**THE DATA:**
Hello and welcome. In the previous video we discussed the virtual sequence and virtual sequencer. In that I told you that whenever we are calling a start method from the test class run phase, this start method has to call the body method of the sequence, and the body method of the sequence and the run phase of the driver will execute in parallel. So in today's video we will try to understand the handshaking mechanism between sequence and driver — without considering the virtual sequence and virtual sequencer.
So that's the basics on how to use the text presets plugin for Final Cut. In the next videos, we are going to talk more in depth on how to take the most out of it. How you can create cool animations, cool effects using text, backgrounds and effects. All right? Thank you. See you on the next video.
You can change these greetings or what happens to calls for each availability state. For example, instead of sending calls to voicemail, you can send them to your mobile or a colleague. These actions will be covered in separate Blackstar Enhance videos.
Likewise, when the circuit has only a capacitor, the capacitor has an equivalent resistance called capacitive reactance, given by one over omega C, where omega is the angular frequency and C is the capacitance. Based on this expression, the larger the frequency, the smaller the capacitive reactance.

--

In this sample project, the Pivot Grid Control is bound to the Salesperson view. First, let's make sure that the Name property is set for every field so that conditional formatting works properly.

**TO DO:** Could you repeat exactly the lines in the listing above from the one with "So that's the" down to the one with "You can change"? Include both of those lines.

**REPLY:**
So that's the basics on how to use the text presets plugin for Final Cut. In the next videos, we are going to talk more in depth on how to take the most out of it. How you can create cool animations, cool effects using text, backgrounds and effects. All right? Thank you. See you on the next video.
You can change these greetings or what happens to calls for each availability state. For example, instead of sending calls to voicemail, you can send them to your mobile or a colleague. These actions will be covered in separate Blackstar Enhance videos.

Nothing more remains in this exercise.